2. o modo de narrar do autor;

3. os diferentes contextos em que as personagens da narrativa se encontram e nos quais dialogam entre si;

4. as intenções do autor extrínsecas ao texto;

Ou seja, as intenções do autor que não estão relacionadas ao enredo, mas que têm um caráter externo ao desenvolvimento da narrativa; por exemplo, o público com o qual o autor deseja manter uma comunicação, agradar e, se possível, manter fidelizado em suas próximas publicações).

Há ainda mais um pormenor ao qual o revisor deverá se atentar, se for devidamente comunicado pela editora que irá publicar o livro (ou pelo autor que irá publicá-lo de modo independente):

5. as pretensões comerciais quanto à obra.

Toda obra literária é um produto artístico comercializável que deverá, idealmente, render frutos: seja um sucesso comercial, um sucesso em premiações literárias ou mesmo um sucesso despretensioso entre um determinado nicho de leitores.

Logo, por exemplo, se o autor deseja que a sua obra tenha mais chances de alcançar um sucesso comercial, o trabalho do revisor deverá se voltar para aproximar a linguagem da obra de uma linguagem mais popular, de uma linguagem mais coloquial, principalmente nos diálogos. Já se o autor almeja que a sua obra tenha mais chances de ser premiada em algum concurso literário, deverá informar ao revisor em qual (ou em quais) concurso(s) pretende inscrever o seu original, bem como quais são os critérios da(s) banca(s) que irá(ão) julgá-lo, para que a revisão corresponda melhor às expectativas.

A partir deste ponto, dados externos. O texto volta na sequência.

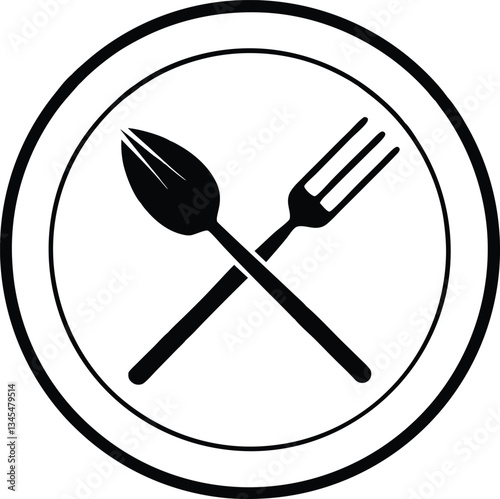 "Exquisite Dining: Celebrating Timeless Culinary Traditions and Modern Flair"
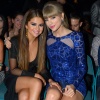 Filename=taylor_0360.jpg
Filesize=804KiB
Dimensions=2550x2550
Date added=May 02, 2025 taylor_0360.jpg
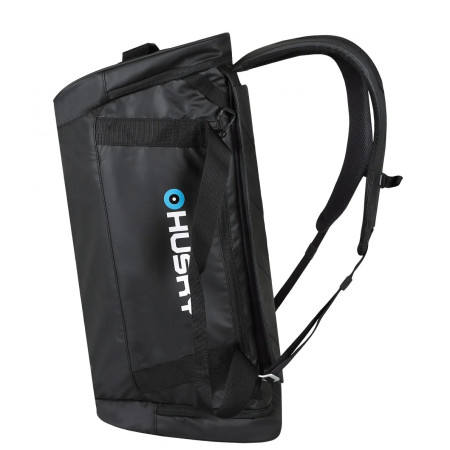 Sac de voyage Husky Turner 40L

Textos Literários - como são revisados?Cada um desses tópicos citados anteriormente influenciará a maneira com que o revisor conduzirá o trabalho de correção, dando base para que seja decidido:

  1. se ele apontará ou não outras alternativas para a estrutura da narrativa (que é composta, tradicionalmente, por apresentação, desenvolvimento, clímax e desfecho);
  2. se indicará possibilidades de adequação do enredo àquilo que o autor se propõe originalmente a entregar (um enredo linear, um enredo não linear, um enredo psicológico ou um enredo cronológico);
  3. se irá ou não sugestionar uma mudança do discurso utilizado na narrativa para os demais tipos de discursos possíveis, dependendo da proposta da obra (seja um discurso direto, seja um discurso indireto ou seja um discurso indireto livre);
  4. se será mais rígido ou menos rígido em relação ao uso da gramática normativa nas mais diversas situações ao longo da narrativa. Nesse caso, vale aprofundar a discussão e destacar os seguintes questionamentos:

Seria adequado e realista que uma das personagens do livro, como um pescador – um homem simples, que supomos nunca ter sido perito em língua portuguesa e que não tenha o hábito de usar formas gramaticais cultas –, se utilizasse de construções em seus diálogos que evocassem a algum tipo de erudição, sem que tal erudição ou que, ao menos, um acesso qualquer a um linguajar mais culto fossem convincentemente explicados no livro?

Ou ainda: será que seria apropriado e realista que uma obra voltada para o público infanto-juvenil fizesse, ao longo do texto, tanto nos diálogos quanto na narração, adequações de colocação pronominal de acordo com a norma padrão?

Obviamente, para ambas as perguntas, a resposta é não; pois, apesar de certas ocorrências serem prescritas pela Norma Padrão da Língua Portuguesa, é preciso, antes de tudo, prezar pela adequação dos elementos ao contexto.

 

Considerações finais

 

É evidente que a última palavra é sempre do autor da obra, já que o livro será uma propriedade intelectual sua, e não do revisor. Todavia, é também bastante relevante que o autor escute e pondere bem os conselhos de seu revisor, já que ambos estão ali trabalhando em equipe, em prol de um objetivo em comum.

A intenção de um bom revisor sempre será a de entregar um produto final de qualidade, que não seja simplesmente um mero texto bem escrito e bem revisado, compatível com todas as regras gramaticais prescritas pela Norma Padrão.

Preferencialmente, em uma revisão profissional de textos literários, o bom revisor preza por trabalho artístico coerente, significativo dentro daquilo que trata e, sobretudo, que se comunique com o leitor de modo a envolvê-lo e a encantá-lo. Assim, enquanto ele estiver lendo a obra, será imerso naquele microuniverso, a ponto de esquecer momentaneamente das fronteiras que separam a ficção da realidade.